Exercise inputs:
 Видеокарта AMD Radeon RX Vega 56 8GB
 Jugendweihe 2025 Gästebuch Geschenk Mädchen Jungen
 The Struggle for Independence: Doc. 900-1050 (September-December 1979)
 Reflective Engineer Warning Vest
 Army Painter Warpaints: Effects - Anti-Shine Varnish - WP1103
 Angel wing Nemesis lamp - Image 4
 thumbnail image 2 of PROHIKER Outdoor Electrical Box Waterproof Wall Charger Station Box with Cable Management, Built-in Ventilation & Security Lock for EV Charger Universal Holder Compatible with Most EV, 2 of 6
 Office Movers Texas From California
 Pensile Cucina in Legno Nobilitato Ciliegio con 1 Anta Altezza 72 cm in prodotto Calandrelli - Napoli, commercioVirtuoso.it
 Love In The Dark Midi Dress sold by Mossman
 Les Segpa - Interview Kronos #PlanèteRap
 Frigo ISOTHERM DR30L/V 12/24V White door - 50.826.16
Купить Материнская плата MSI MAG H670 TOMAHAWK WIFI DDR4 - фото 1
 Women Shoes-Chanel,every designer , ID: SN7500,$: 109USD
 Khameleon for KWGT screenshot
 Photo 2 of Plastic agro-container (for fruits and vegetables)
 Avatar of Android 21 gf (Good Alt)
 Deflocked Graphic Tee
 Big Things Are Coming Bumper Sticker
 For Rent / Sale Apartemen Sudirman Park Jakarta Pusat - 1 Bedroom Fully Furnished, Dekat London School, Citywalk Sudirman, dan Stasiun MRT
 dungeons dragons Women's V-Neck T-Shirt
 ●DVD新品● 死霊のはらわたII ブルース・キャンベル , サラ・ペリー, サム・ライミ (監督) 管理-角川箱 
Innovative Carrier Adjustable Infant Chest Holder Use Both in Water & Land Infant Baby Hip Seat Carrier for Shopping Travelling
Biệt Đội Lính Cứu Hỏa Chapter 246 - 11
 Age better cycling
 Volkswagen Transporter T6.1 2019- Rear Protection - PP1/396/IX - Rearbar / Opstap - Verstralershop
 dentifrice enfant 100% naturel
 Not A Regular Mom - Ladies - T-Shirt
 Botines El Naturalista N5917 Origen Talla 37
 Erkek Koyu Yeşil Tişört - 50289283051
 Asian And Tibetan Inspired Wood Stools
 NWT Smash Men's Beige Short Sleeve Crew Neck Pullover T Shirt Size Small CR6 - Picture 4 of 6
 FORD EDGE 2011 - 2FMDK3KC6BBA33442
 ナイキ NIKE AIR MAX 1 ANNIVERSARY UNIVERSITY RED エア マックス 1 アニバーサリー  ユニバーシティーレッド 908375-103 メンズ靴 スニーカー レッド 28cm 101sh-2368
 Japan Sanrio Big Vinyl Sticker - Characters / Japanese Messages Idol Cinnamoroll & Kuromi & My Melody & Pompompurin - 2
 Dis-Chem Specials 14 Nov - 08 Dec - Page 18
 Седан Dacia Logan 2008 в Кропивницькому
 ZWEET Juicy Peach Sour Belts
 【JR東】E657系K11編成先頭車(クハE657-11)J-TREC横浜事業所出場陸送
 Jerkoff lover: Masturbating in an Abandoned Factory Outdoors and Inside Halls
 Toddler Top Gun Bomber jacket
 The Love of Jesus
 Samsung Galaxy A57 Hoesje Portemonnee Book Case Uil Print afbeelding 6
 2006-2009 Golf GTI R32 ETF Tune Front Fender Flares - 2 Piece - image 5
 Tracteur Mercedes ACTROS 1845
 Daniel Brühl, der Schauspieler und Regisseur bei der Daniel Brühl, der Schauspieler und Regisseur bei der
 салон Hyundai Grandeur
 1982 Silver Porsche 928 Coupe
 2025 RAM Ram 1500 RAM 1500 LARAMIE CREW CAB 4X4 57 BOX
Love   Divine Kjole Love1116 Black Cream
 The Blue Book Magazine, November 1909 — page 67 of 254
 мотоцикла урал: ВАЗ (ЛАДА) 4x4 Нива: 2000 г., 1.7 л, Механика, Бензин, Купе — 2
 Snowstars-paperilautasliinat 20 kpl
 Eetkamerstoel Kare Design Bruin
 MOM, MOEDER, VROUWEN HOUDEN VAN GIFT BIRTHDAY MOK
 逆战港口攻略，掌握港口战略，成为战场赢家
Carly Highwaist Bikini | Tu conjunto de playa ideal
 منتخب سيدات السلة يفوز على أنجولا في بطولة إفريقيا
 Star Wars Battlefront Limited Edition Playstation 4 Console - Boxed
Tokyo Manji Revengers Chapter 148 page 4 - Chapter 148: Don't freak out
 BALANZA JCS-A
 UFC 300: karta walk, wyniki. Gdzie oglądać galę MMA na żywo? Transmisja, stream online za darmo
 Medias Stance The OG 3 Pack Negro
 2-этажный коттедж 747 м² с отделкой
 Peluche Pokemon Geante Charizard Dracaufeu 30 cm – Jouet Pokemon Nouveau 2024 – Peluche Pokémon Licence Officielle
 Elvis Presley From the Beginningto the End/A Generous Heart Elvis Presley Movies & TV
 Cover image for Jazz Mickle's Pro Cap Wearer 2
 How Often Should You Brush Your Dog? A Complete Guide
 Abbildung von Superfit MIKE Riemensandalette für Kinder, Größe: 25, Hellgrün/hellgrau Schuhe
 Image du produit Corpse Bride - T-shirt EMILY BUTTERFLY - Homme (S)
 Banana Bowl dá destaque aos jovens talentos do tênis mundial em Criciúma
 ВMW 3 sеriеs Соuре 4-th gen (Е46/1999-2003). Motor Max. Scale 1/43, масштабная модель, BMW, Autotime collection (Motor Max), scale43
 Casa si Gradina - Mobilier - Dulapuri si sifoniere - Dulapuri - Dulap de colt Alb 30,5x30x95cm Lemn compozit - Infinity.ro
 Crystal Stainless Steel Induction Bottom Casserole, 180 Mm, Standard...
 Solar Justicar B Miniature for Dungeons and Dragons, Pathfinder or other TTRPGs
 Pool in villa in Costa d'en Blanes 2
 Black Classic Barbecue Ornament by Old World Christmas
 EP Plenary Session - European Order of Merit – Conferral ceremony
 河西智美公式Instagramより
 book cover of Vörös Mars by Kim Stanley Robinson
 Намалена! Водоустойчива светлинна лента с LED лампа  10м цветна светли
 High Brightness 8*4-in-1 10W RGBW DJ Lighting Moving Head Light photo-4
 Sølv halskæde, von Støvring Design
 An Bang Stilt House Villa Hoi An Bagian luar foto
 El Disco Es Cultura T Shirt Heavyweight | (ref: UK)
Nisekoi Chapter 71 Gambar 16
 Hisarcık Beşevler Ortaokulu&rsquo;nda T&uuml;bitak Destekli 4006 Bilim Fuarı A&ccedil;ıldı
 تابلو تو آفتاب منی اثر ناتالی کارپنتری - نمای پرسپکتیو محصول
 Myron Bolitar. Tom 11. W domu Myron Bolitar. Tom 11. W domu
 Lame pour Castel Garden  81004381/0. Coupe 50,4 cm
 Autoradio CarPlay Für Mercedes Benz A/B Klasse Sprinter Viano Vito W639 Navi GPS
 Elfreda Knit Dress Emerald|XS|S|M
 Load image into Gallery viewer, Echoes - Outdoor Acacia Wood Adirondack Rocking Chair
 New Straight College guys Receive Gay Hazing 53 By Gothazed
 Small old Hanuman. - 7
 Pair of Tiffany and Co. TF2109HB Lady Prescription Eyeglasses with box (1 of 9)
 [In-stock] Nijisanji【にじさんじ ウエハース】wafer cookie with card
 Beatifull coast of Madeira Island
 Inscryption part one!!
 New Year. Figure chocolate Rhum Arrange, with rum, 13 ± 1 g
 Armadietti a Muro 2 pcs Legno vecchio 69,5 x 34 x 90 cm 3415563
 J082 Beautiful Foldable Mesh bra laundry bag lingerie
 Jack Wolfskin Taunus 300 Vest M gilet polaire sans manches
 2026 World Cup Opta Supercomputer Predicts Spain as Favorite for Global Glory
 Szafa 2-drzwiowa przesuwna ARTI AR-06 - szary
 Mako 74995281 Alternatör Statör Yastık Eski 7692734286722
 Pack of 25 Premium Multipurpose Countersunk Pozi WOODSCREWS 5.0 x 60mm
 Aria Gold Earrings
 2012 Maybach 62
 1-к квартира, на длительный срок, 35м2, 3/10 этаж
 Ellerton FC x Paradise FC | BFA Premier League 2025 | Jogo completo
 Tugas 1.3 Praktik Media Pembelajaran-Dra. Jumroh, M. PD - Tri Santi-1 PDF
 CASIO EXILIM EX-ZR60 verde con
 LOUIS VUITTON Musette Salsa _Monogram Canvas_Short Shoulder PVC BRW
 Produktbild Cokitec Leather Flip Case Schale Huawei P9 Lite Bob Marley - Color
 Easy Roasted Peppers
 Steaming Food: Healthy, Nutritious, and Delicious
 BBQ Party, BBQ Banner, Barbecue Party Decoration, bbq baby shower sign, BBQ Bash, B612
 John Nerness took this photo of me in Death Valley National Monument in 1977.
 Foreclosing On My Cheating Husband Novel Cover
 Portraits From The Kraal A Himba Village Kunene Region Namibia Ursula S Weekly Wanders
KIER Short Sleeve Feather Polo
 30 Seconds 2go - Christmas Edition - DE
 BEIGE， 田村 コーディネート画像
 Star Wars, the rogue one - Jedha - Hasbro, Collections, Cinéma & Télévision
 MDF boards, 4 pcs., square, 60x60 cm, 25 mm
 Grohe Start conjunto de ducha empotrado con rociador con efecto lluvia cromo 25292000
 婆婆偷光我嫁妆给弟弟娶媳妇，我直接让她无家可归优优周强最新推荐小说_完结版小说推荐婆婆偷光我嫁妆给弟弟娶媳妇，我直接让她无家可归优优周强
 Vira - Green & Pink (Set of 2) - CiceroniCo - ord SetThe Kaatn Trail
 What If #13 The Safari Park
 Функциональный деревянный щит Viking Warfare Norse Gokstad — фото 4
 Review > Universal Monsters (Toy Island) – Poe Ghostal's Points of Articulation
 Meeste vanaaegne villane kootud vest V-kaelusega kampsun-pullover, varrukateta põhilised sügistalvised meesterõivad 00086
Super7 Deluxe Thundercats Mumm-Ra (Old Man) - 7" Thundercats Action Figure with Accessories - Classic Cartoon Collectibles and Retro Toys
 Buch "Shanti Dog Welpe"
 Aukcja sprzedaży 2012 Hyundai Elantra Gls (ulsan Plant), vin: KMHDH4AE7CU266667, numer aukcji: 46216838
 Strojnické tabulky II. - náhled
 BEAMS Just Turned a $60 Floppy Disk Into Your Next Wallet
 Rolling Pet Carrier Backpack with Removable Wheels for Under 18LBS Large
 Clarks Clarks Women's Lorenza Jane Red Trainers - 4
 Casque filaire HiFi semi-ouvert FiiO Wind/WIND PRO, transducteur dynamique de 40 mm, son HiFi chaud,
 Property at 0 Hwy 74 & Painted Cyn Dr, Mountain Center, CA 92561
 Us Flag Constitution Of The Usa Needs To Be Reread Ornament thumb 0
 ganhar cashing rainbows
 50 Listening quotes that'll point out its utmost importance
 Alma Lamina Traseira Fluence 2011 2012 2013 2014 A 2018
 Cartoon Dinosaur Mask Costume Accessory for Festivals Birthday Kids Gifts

Exercise details: From the first line of the records to the line containing "Photo 2 of Plastic", inclusive, transcribe everything exactly and leave out the rest.

Result:
 Видеокарта AMD Radeon RX Vega 56 8GB
 Jugendweihe 2025 Gästebuch Geschenk Mädchen Jungen
 The Struggle for Independence: Doc. 900-1050 (September-December 1979)
 Reflective Engineer Warning Vest
 Army Painter Warpaints: Effects - Anti-Shine Varnish - WP1103
 Angel wing Nemesis lamp - Image 4
 thumbnail image 2 of PROHIKER Outdoor Electrical Box Waterproof Wall Charger Station Box with Cable Management, Built-in Ventilation & Security Lock for EV Charger Universal Holder Compatible with Most EV, 2 of 6
 Office Movers Texas From California
 Pensile Cucina in Legno Nobilitato Ciliegio con 1 Anta Altezza 72 cm in prodotto Calandrelli - Napoli, commercioVirtuoso.it
 Love In The Dark Midi Dress sold by Mossman
 Les Segpa - Interview Kronos #PlanèteRap
 Frigo ISOTHERM DR30L/V 12/24V White door - 50.826.16
Купить Материнская плата MSI MAG H670 TOMAHAWK WIFI DDR4 - фото 1
 Women Shoes-Chanel,every designer , ID: SN7500,$: 109USD
 Khameleon for KWGT screenshot
 Photo 2 of Plastic agro-container (for fruits and vegetables)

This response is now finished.